Transaction activity in the investment market is expected to improve in H2 2020 but will remain below trend despite limited signs of distress so far. With China showing early signs of a rapid rebound and the rest of the region set to follow suit towards the end of the year or early next year, the Asia Pacific region is proving to be particularly attractive to global investors, especially in mainstream sectors such as office and logistics as well as growing subsectors such as data centers and senior living. While a full recovery is still some way off, volumes would have likely troughed and should gain momentum in the latter part of the year.

“Investors have remained on the sidelines for much of H1 2020, with volumes down 27% year-on-year. As economies reopen, investment activity is expected to increase. Logistics appetite continues unabated and there is heightened interest in alternative asset classes.
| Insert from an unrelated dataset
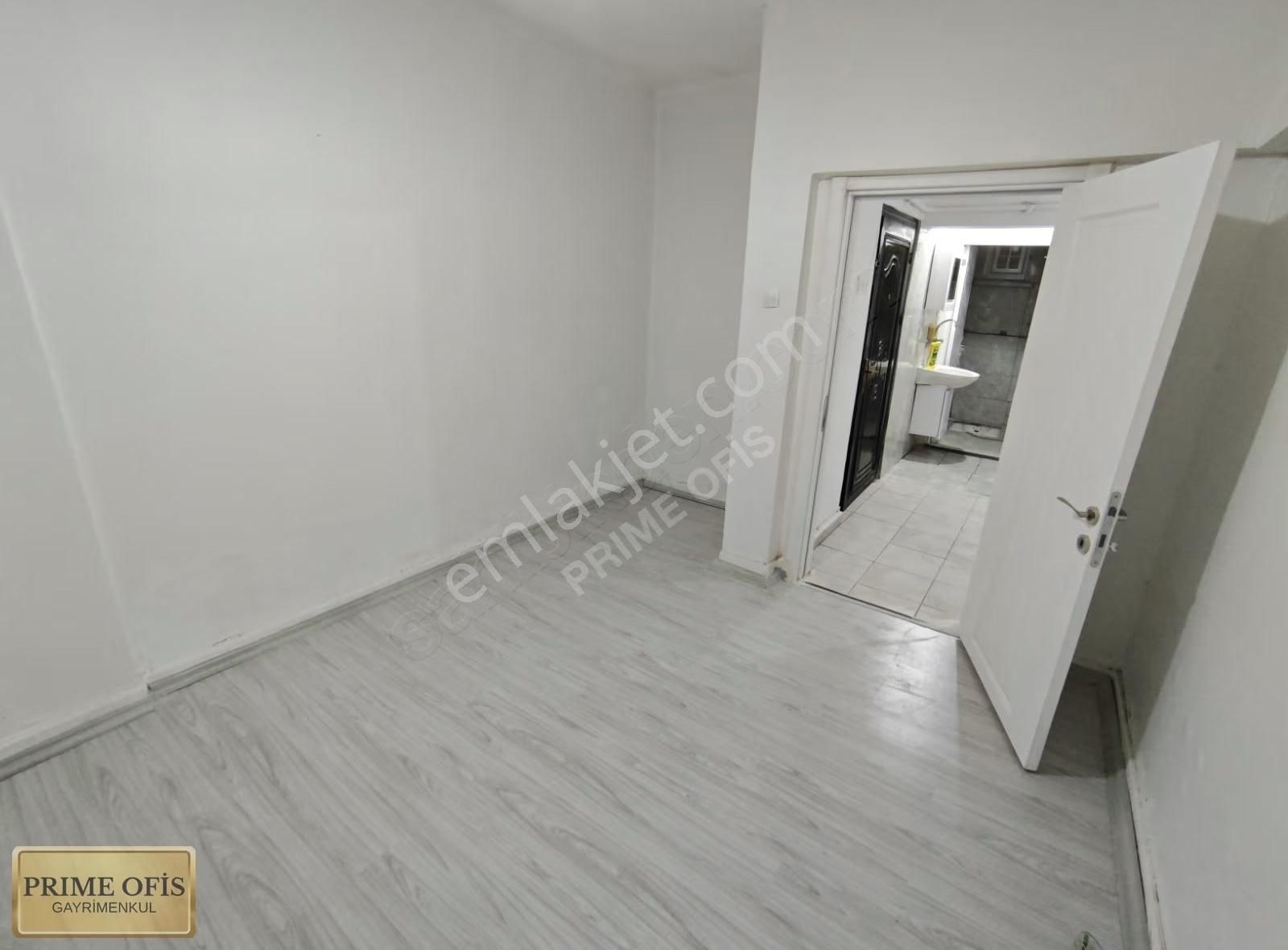 Demet Lale Mah.de Metroya Çok Yakın İçi Yapılı 3+1 Satılık Daire - Görsel 31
We are also experiencing ongoing interest in the office sector, albeit generally for lower risk stabilized assets in CBD areas.” said Gordon Marsden, Regional Director, Asia Pacific Capital Markets at Cushman & Wakefield.

real estate investment volumes
APAC real estate investment volumes down by 27 per cent year-on-year, but pricing remains relatively stable with limited signs of distress (image: Cushman & Wakefield)


With most tenants across Asia Pacific having experienced partial or total remote work during the pandemic, we have naturally seen a fall in demand for space alongside widespread rental decline. Ahead, occupiers have a significant opportunity to:
  • Carefully think whether to surrender/sub-lease space.  
  • Markets are likely to be flush with options resulting in low returns for sub-lessors. 
  • Align financial goals with CRE strategy, flexible working policies and change management to enact workplace transformation. 
  • Give high priority to office workplace design, technology, wellness and well being. 
  • Ensure facilities management is increasingly nimble and more focused on user experience than tactical delivery
  • Prioritise wellness standards and touchless technology which are expected to increase in importance.

During the first half of 2020, we saw the pandemic have a material and unprecedented impact on the global economy, which has significantly disrupted commercial real estate around the world. Over the last quarter, countries across Asia Pacific have taken small steps towards recovery, with the region well placed to lead the world out of recession.

In its report Colliers International tool a look at where those green shoots of opportunity are emerging, their view on the second half of the year and how investors, landlords, and tenants alike should make real estate decisions in this environment.

Although real estate investment volumes in Asia Pacific were down in H1 by 42% year-on-year, pricing has remained relatively stable with limited signs of distress so far.

With activity expected to improve real estate investment volumes into H2, Colliers International expects to see investors:

  • Work closely with lenders to maintain debt levels and where possible secure lending for new investment opportunities.
  • Safeguard portfolio occupancy with new leasing and tenant retention becoming imperative.
  • Accelerate development opportunities in logistics and warehousing led by rising occupier demand.
  • Proactively seek sale-and-leaseback opportunities.
  • Keep a close focus on price softening on pre-distressed assets or where existing owners need to rebalance their portfolio.